Recall that the language of the (non-binding) resolution for the Green New Deal emphasizes the need for a “mobilization on a scale not seen since World War II.” That wartime mobilization hinged on the ability of the federal government to coerce the biggest industrial companies of that era — including Ford Motor Co. and General Motors — to shift their production lines away from passenger cars and other consumer goods and toward tanks, guns, and airplanes. The Green New Deal would require a similar blurring of the lines between government and industry. And charming as they may be, tiny electric cooperatives such as Garland Light & Power, in Powell, Wyo., which has about 1,600 member-owners, won’t be of much use in transforming the American electric grid. Instead, it’s easy to imagine that rural cooperatives will be taken over by the big utilities or the federal government in the headlong pursuit of a lower-carbon economy.
Furthermore, if the all-renewable push becomes a reality, rural America will be forced to accept thousands of miles of new high-voltage transmission lines, as well as massive amounts of new wind and solar generation capacity.

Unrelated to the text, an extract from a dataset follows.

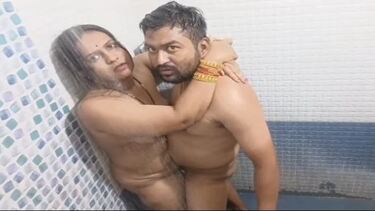 बाथरूम में आंटी की चुदाई करते रिकॉर्ड किया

In short, what’s old is new again. During the 1930s, the U.S. was rapidly urbanizing and rural areas were being left behind. That same rural–urban divide continues to be a defining element of American politics today. Rayburn and his allies pushed for rural electrification because they knew that without it, their constituents would always be second-class citizens. Saddled with high-cost electricity or no electricity at all, residents of rural towns and villages across the country would never be on an equal footing with their urban counterparts.
If the Green New Deal becomes a reality, the urban–rural divide will only grow more stark. And rural Americans will be among those paying the highest prices.
Editor’s Note: This piece has been emended since its original posting.